Tracking: Ad-hoc(batch) ingestion #18583

st1page · 2024-09-18T07:59:08Z

kwannoel · 2024-09-24T05:04:17Z

Hi, I will help with this issue, starting with TVFs.

xxchan · 2024-09-27T08:09:03Z

Have we reached consensus to support TVFs? To me, their use cases are duplicated with Sources, so they seem to be unnecessary.

I’d like to see rationales and examples where they are more useful than sources before adding them

st1page · 2024-09-27T09:09:13Z

Have we reached consensus to support TVFs? To me, their use cases are duplicated with Sources, so they seem to be unnecessary.

I’d like to see rationales and examples where they are more useful than sources before adding them

The original discussion of the discussion here https://risingwave-labs.slack.com/archives/C036F5Z3EMD/p1720166956241589
Additionally, One case is for the Ad-hoc ingestion from databases. Currently we only support the CDC table and can not create a source on a external databases's table. So only TVF is clear defined method to do ad hoc ingest from Databases. We can refer to the grammer of duckDB for the cases
- https://duckdb.org/docs/extensions/postgres.html#the-postgres_query-table-function
- https://duckdb.org/docs/extensions/mysql#the-mysql_query-table-function

xxchan · 2024-09-27T09:15:54Z

Thanks for the explanation!

Currently we only support the CDC table and can not create a source on a external databases's table.

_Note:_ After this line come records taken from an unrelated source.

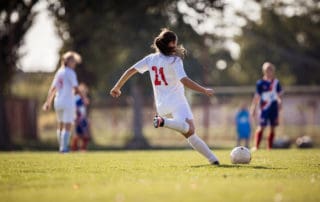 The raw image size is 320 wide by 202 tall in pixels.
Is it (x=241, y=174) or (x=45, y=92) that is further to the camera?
(x=45, y=92)

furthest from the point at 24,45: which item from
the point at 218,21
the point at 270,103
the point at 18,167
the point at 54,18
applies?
the point at 18,167

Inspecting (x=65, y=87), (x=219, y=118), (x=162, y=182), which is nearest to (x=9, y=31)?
(x=219, y=118)

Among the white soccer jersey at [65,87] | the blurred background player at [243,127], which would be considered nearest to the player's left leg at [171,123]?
the white soccer jersey at [65,87]

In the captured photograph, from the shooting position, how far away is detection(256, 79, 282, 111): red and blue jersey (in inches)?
734

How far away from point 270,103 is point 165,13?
15.9 meters

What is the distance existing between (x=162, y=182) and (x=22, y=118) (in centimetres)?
3056

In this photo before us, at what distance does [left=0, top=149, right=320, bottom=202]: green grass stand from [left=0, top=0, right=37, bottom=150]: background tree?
2163 centimetres

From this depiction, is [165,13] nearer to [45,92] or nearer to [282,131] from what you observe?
[282,131]

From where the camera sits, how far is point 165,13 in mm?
33750

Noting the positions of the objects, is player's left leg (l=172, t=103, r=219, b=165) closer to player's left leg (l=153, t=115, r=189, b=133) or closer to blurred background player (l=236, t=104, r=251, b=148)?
player's left leg (l=153, t=115, r=189, b=133)

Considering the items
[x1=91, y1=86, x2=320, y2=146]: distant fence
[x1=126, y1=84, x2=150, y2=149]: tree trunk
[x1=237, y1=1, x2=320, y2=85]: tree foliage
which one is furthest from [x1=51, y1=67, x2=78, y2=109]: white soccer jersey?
[x1=237, y1=1, x2=320, y2=85]: tree foliage

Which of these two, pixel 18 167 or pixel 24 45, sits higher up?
pixel 24 45

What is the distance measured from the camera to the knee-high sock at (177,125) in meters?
10.4

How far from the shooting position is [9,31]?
107 ft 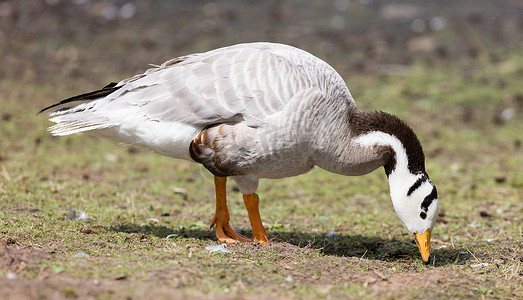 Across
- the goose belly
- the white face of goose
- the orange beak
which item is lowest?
the orange beak

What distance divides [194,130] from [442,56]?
9.97m

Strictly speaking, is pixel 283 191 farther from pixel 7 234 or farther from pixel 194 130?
pixel 7 234

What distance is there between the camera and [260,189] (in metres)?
8.80

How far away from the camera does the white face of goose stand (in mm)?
5801

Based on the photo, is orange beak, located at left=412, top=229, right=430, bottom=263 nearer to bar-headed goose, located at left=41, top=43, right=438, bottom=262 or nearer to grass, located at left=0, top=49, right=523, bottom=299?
bar-headed goose, located at left=41, top=43, right=438, bottom=262

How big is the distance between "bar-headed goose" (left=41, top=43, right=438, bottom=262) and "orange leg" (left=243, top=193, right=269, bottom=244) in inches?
9.8

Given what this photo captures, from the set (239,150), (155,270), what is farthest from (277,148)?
(155,270)

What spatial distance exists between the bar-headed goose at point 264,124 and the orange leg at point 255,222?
0.25 m

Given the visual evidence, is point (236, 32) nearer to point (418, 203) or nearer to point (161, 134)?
point (161, 134)

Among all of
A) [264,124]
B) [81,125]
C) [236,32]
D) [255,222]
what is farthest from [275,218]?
[236,32]

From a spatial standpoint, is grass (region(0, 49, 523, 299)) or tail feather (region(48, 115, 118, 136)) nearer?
grass (region(0, 49, 523, 299))

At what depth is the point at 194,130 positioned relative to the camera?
19.6 ft

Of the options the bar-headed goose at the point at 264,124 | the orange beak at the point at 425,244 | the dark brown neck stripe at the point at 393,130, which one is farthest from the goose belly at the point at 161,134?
the orange beak at the point at 425,244

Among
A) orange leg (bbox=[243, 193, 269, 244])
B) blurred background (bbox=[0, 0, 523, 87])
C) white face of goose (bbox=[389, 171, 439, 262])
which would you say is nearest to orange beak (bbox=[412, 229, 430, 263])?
white face of goose (bbox=[389, 171, 439, 262]) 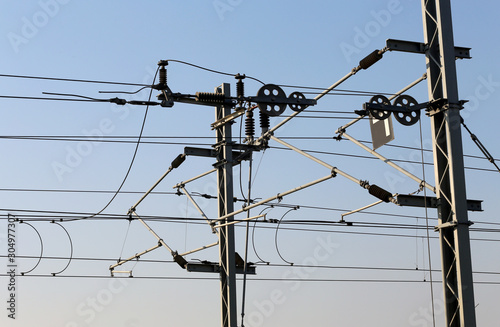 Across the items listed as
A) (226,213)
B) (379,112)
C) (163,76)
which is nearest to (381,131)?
(379,112)

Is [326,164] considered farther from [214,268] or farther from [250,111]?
[214,268]

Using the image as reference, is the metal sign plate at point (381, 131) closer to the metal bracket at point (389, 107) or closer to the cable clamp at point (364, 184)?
the metal bracket at point (389, 107)

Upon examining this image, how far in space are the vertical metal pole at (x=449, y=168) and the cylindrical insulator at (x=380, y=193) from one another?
0.95 m

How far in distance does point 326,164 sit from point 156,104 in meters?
3.27

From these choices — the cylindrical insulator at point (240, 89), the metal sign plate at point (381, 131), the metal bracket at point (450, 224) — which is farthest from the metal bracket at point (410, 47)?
the cylindrical insulator at point (240, 89)

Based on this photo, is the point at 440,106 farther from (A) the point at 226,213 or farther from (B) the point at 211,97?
(A) the point at 226,213

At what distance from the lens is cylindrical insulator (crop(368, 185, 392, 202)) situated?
15.4 m

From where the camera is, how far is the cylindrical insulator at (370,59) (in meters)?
15.3

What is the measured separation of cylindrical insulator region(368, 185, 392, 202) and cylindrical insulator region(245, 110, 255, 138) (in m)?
3.83

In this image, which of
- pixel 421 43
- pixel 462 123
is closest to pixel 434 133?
pixel 462 123

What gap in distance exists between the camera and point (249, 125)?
19234mm

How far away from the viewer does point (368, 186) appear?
15.8m

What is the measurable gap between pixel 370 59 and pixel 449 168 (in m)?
2.29

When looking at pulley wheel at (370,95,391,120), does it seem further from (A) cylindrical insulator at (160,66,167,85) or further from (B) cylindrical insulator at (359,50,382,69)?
(A) cylindrical insulator at (160,66,167,85) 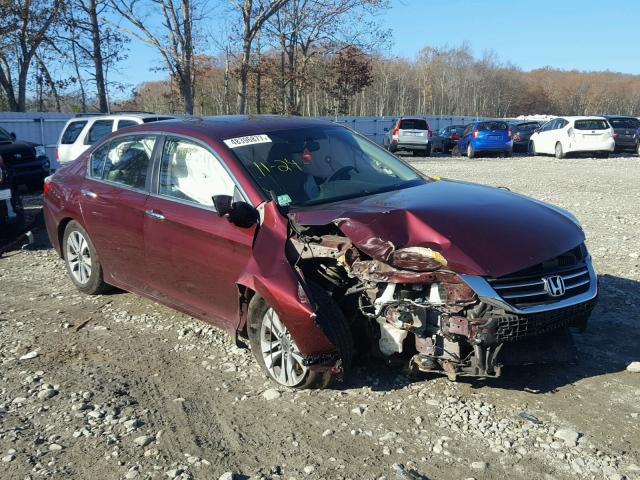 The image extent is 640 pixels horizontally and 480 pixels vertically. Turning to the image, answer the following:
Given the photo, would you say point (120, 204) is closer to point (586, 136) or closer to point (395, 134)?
point (586, 136)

Makes me think whether also related with other shared source e.g., Kafka?

We can refer to the grammer of duckDB for the cases

Compared with duckDB

They don't have source at all. So it might be a little different
Their syntax contains a ATTACH, which looks like CREATE CONNECTION we might have in the future. So maybe we should design that first.

ATTACH 'dbname=postgresscanner' AS postgres_db (TYPE POSTGRES);
SELECT * FROM postgres_query('postgres_db', 'SELECT * FROM cars LIMIT 3');

st1page · 2024-09-27T09:18:19Z

Currently we only support the CDC table and can not create a source on a external databases's table.

Makes me think whether also related with other shared source e.g., Kafka?

The issue is not related to "shared" but it is beacuse the CDC source contains multiple tables' changes. Actually that is a "CONNECTION"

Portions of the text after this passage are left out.